Das Wissmann-Monument vor der Universität Hamburg wurde zu einer zentralen kolonialen Weihestätte in Deutschland, doch in der städtischen Öffentlichkeit war seine Aufstellung von Anfang an umstritten. 1935 wurde auf der anderen Seite des Universitätsgebäudes das koloniale Dominik-Denkmal (s. Dominikweg) aus Yaoundé/Kamerun errichtet. 1967 wurde das Abbild Wissmanns von APO-Studenten vom Sockel geholt, die Stadt stellte es wieder auf. 1968 stürzten die Studierenden die Sockelfiguren beider Denkmäler, diese wurden dann schließlich in der Sternwarte Bergedorf deponiert. 1986 wurden die Figur des afrikanischen Soldaten und der bronzene Wissmann in einer Ausstellung in der ehemaligen Kampnagel-Fabrik gezeigt. 2004/2005 ließ die Künstlerin HMJokinen im Rahmen des Projekts afrika-hamburg.de das Monument mit der beschädigten Sockelfigur temporär am Hafentor aufstellen und in einem Webforum debattieren.
Ritualgegenstände und weitere Objekte, die Wissmann im Kongo und in Ostafrika erwarb oder erbeutete, werden heute im Berliner Ethnologischen Museum ausgestellt. Eine weitere Sammlung, das „Afrika Museum“ im Gutshaus Weißenbach/Österreich, bestehend aus „Trophäen, Waffen und Gebrauchsgegenstände[n]“, wurde 2005 zum hundertsten Todestag Wissmanns eröffnet. Die Gewaltgeschichte, die hinter den Objekten steckt, wird in der Provenienzforschung außer Acht gelassen, eine etwaige Rückgabe des Raubguts nicht diskutiert.
In den deutschen Städten wird Wissmann noch heute mit 20 Straßennamen geehrt. In Erfurt und Leipzig wurde die Wissmannstraße 1950 umbenannt, in Bochum 1998 und in Stuttgart 2009. Im November 2012 beschloss die Bezirksversammlung Hamburg-Wandsbek einstimmig die Umbenennung der Wissmannstraße und des Dominikwegs (s. Dominikweg), doch diesem Beschluss sind bisher keine Umbenennungen erfolgt.

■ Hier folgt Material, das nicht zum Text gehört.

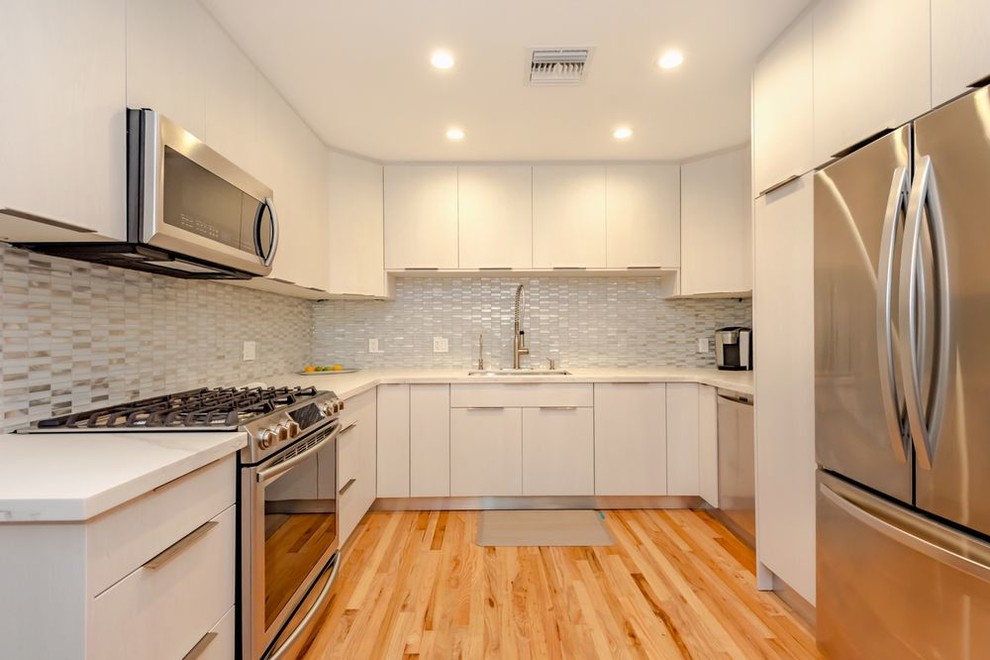 Foto på ett litet funkis vit kök, med en undermonterad diskho, släta luckor, vita skåp, bänkskiva i kvarts, vitt stänkskydd, stänkskydd i glaskakel, rostfria vitvaror, ljust trägolv, en köksö och orange golv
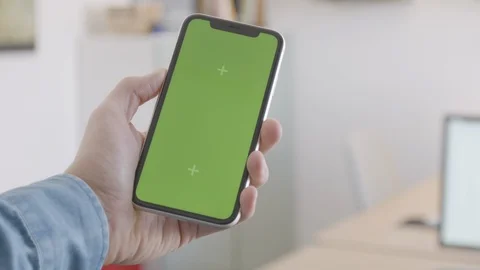 Hand using mobile phone with greenscreen in office Stock Footage 125693265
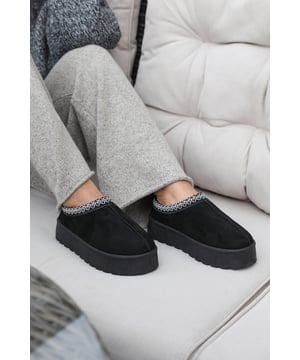 Stay stylish and comfortable all day with our Freeze Flatform Embroidered Low Ankle Slipper Boots. These boots are a perfect addition to your footwear collection, featuring a chic design that you can dress up or down.
Key Features:


Effortless Style: The sleek and minimalist design of these boots ensures that they complement almost any outfit you wear. They are perfect for dressing up or down and exude casual elegance that adds an extra flair to your style.

All-Day Comfort: Our boots are built with your comfort in mind. They feature a soft and comfortable interior lining that provides maximum comfort, ensuring you can wear them for long periods with ease.

Durable Construction: Our Low Ankle Slipper Boots are made with high-quality materials that ensure long-lasting durability. They feature a sturdy construction and reliable stitching that makes them practical and sustainable for everyday use.

Specifications:

Material: Faux Suede
Closure: Slip On
Heel height: 1 inch
Toe shape: Round

Invest in our Allegra Flatform Embroidered Low Ankle Slipper Boots for a perfect combination of style and comfort. Enjoy the joy of comfort with every step you take. Get yours today and step out with confidence and style!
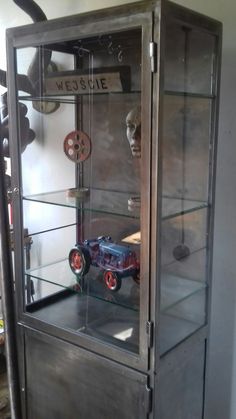 a display case with some toy cars in it's glass front doors and shelves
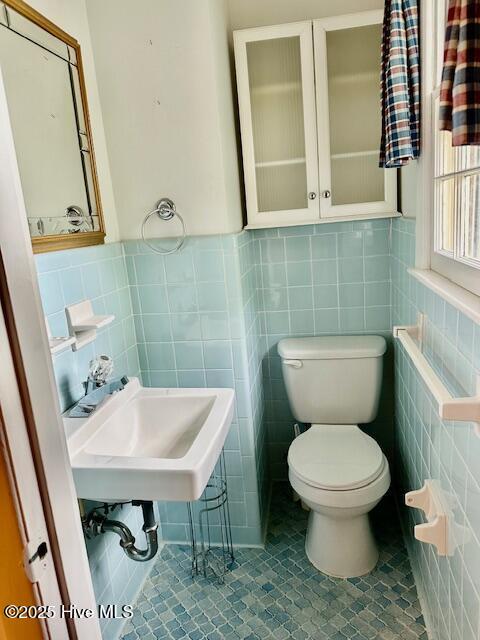 bathroom featuring a sink, tile walls, toilet, and a wainscoted wall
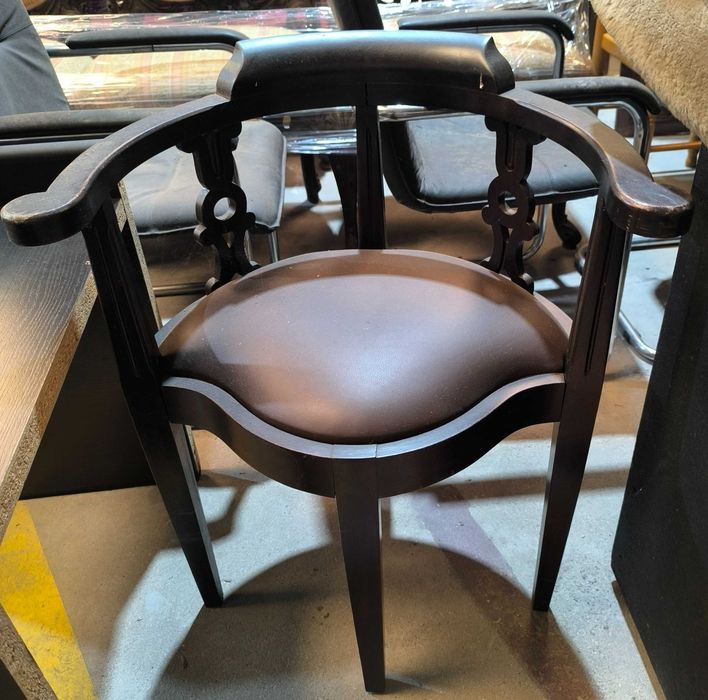 Vintage armchairs, original condition, leather and wood.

Text: HMJokinen, Mitarbeit: Frauke Steinhäuser
1) Hinter dem N-Wort steckt die Bezeichnung „Neger“, die stark diskriminierend ist. Das N-Wort tauchte erstmalig im Zusammenhang mit dem transatlantischen Menschenhandel, mit Kolonialismus und „Rassentheorien“ auf. Das Wort wird im vorliegenden Text ausschließlich im historischen Zitat ausgeschrieben, weil damit deutlich gemacht werden soll, wie rassistischem die beschriebenen Kolonialakteure gedacht und gehandelt haben.